TASK OBJECTIVE → Find the line with "More views of Mercedes-Benz GLB" in the records below. Copy it and every line after it, up to and including the line with "Building Photo - 5701 Collins Ave".

DATA EXCERPTS →
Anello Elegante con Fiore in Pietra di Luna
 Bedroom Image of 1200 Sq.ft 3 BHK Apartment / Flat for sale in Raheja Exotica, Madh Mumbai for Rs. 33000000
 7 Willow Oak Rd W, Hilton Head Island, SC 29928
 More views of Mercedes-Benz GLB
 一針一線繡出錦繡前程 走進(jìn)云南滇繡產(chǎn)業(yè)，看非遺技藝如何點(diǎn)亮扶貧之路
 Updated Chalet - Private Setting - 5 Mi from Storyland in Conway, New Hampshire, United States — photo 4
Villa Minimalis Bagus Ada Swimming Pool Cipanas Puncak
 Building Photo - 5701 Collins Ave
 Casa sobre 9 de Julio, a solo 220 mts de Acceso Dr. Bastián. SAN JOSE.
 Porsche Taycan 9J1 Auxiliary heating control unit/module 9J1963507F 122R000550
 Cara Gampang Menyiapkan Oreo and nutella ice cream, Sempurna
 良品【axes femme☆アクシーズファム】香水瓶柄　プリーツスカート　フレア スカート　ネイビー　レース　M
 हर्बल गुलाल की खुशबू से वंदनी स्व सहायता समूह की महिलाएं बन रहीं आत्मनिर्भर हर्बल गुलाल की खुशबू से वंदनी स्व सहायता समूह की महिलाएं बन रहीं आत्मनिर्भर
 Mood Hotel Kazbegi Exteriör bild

SOLUTION TO THIS PROBLEM →
 More views of Mercedes-Benz GLB
 一針一線繡出錦繡前程 走進(jìn)云南滇繡產(chǎn)業(yè)，看非遺技藝如何點(diǎn)亮扶貧之路
 Updated Chalet - Private Setting - 5 Mi from Storyland in Conway, New Hampshire, United States — photo 4
Villa Minimalis Bagus Ada Swimming Pool Cipanas Puncak
 Building Photo - 5701 Collins Ave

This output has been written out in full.